Data Diffing
Data diffing with radiff2 allows you to compare binary data between files of different sizes. This is useful for identifying differences at the byte level, regardless of file length.
For example, comparing two files with radiff2 -x
shows the differences in two column hexdump+ascii format:
$ cat 1
hello
$ cat 2
hallo
$ radiff2 -x 1 2
offset 0 1 2 3 4 5 6 7 01234567 0 1 2 3 4 5 6 7 01234567
0x00000000! 68656c6c6f0a hello. 68616c6c6f0a hallo.
Also in hexII format:
$ radiff2 -X 1 2
0x00000000! .h.e.l.l.o0a .h.a.l.l.o0a
or even the unified diff format using the -U
flag:
$ radiff2 -U 1 2
--- /tmp/r_diff.61dd4e41da041 2024-07-22 14:07:37.682683431 +0200
+++ /tmp/r_diff.61dd4e41da06b 2024-07-22 14:07:37.682683431 +0200
@@ -1 +1 @@
-hello
+hallo
Let's understand the output because in your terminal you'll see some green and red highlighting the added or removed bytes from the byte-to-byte comparison.
!
sign after the offset explains if the block is equal or not- hexdump portion of file 1
- hexdump portion of file 2
When comparing files of different sizes, we will need to use the -d
flag which performs a delta-diffing algorithm, trying to find the patterns of bytes that has been added or removed when a specific change is found.
$ cat 1
hello
$ cat 3
helloworld
$ radiff2 1 3
INFO: File size differs 6 vs 11
INFO: Buffer truncated to 6 byte(s) (5 not compared)
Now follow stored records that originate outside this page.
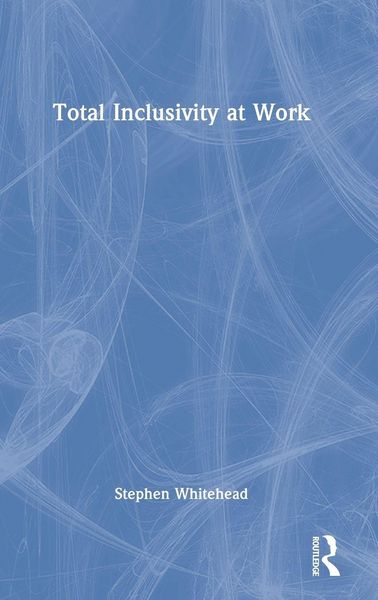 Produktbild: Total Inclusivity at Work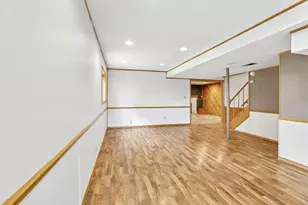 6874 Demby Rd, Arena, WI 53503 - Photo 4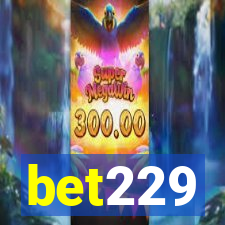 bet229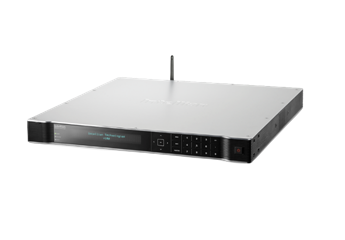 судовая VSAT станция судовая VSAT станция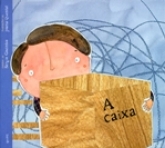 CAIXA - COL. TEMPO DOS MAIS NOVOS 5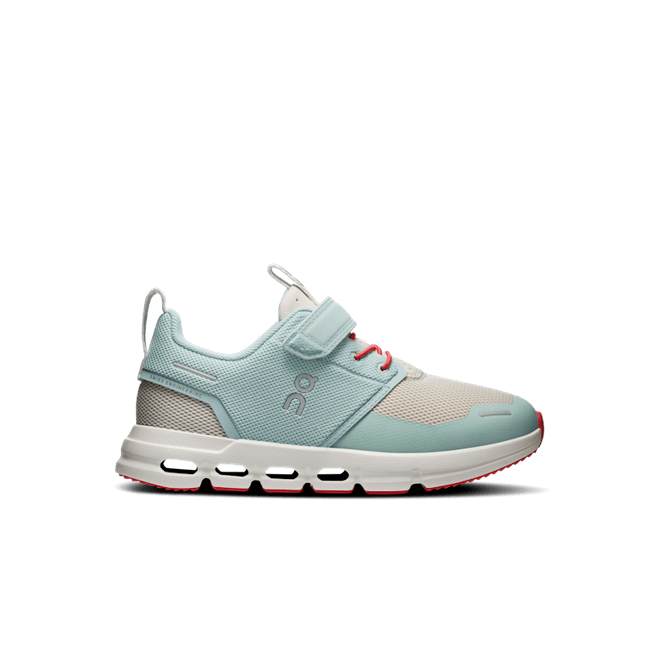 ON Cloud Play 'Blue' 3KD11434900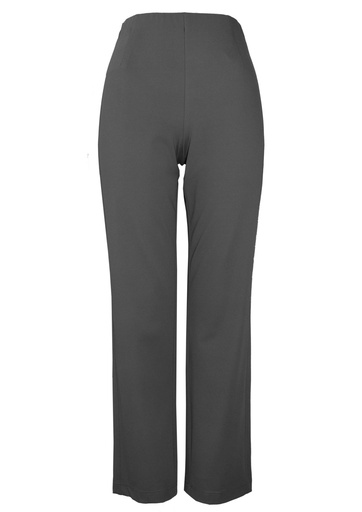 [4058446615728] 979708-2-999-3489 (36, 62)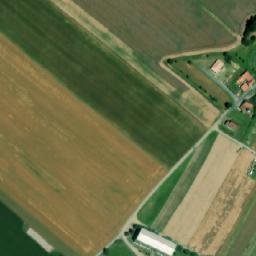 Satellite imagery of Krajina [Maršov] GSM, CZ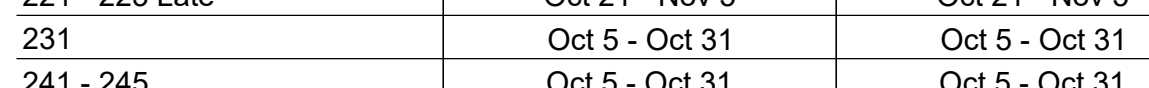 the highlighted excerpt of page 27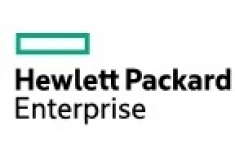 HPE MS WS19 5Dev CAL Emea LTU картинка из объявления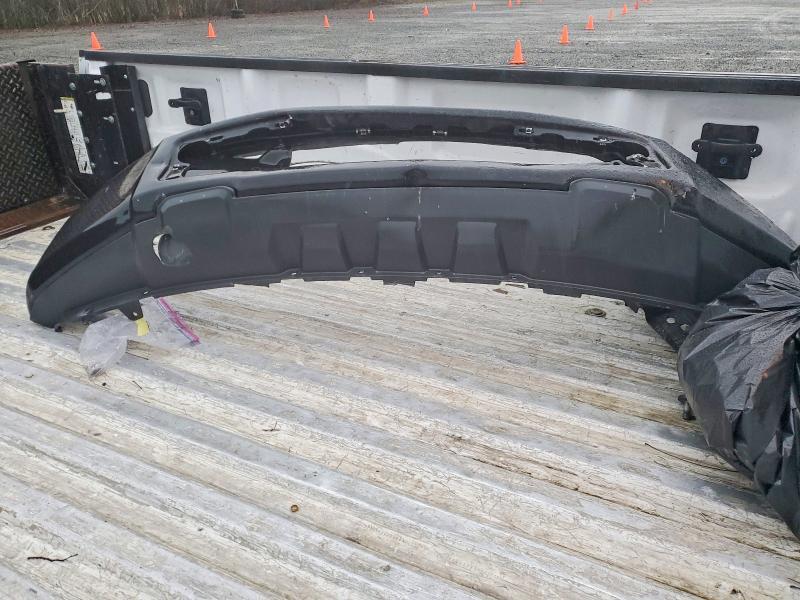 2016 Ford F150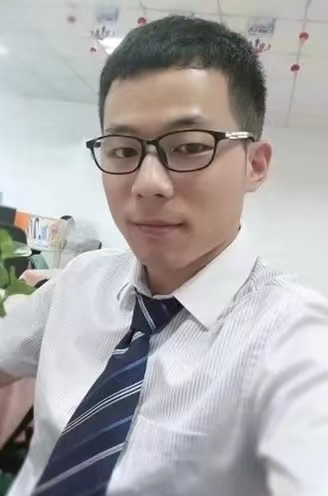 郑彬：人格之于人，恰如花香之于花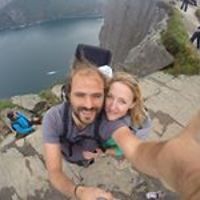 jankjetil_jess_1 avatar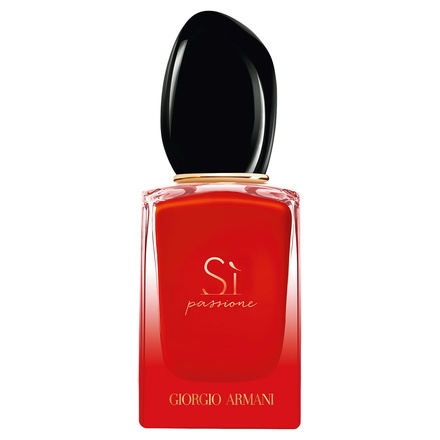 直販半額 GIORGIO ARMANI beauty(ジョルジオアルマーニビューティ)シィ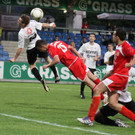 Cup A_Altach - Dornbirn  2012 333.jpg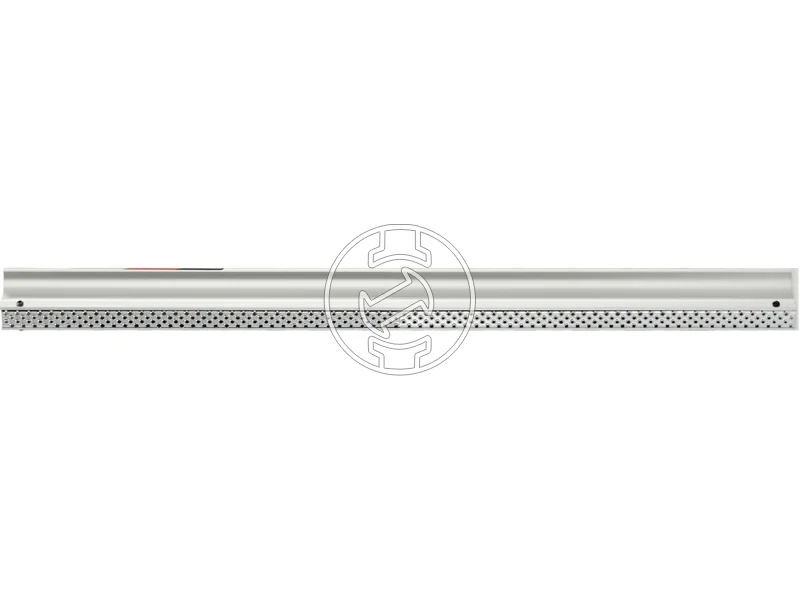 Kép: Homlokzati reszelo EPShoszigetelo lapokhoz.webp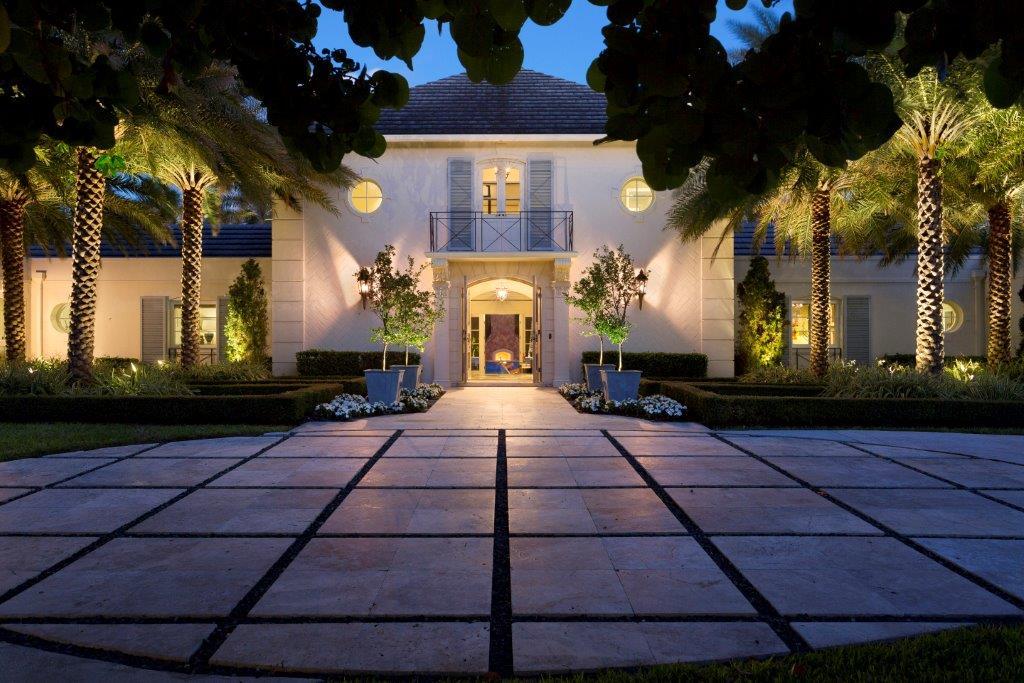 BERMUDA HEIGHTS - Residential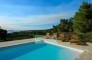 13 Cala tarida 002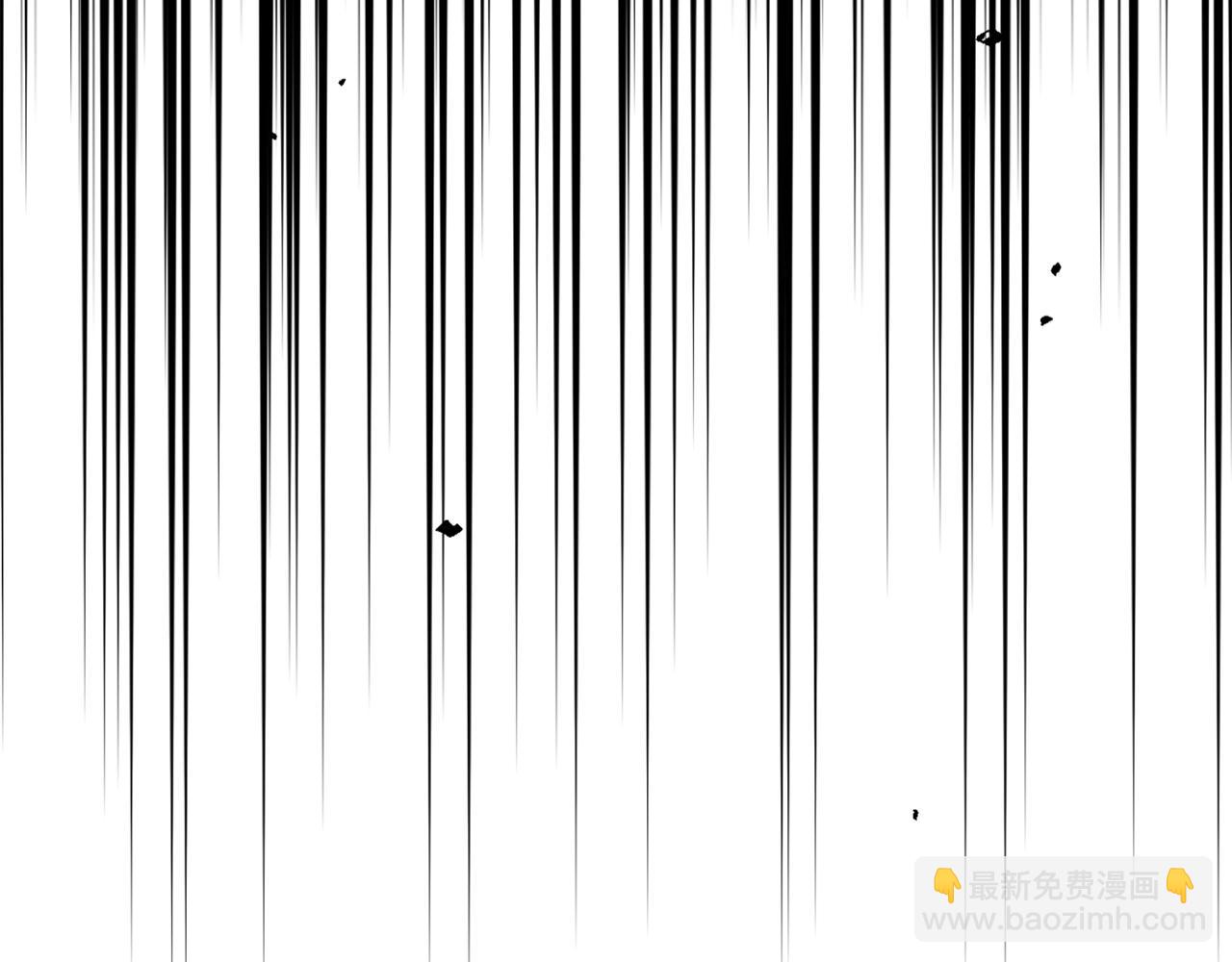 第27话 阻止婚礼！(1/6)-第110话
0x00000005 0a => 77 0x00000005
$ radiff2 -d 1 3
INFO: File size differs 6 vs 11
0x00000000 68656c6c6f0a => 68656c6c6f776f726c640a 0x00000000
$
For JSON output, use radiff2 -j -d to get detailed diff information in JSON format:
$ radiff2 -j -d 1 3 |jq .
INFO: File size differs 6 vs 11
{
"files": [
{
"filename": "1",
"size": 6,
"sha256": "5891b5b522d5df086d0ff0b110fbd9d21bb4fc7163af34d08286a2e846f6be03"
},
{
"filename": "3",
"size": 11,
"sha256": "8cd07f3a5ff98f2a78cfc366c13fb123eb8d29c1ca37c79df190425d5b9e424d"
}
],
"changes": [
{
"addr": 0,
"from": "68656c6c6f0a",
"to": "68656c6c6f776f726c640a"
}
]
}
$
These examples demonstrate how radiff2 can effectively highlight differences in files of varying lengths, providing clear insights into changes at the binary level.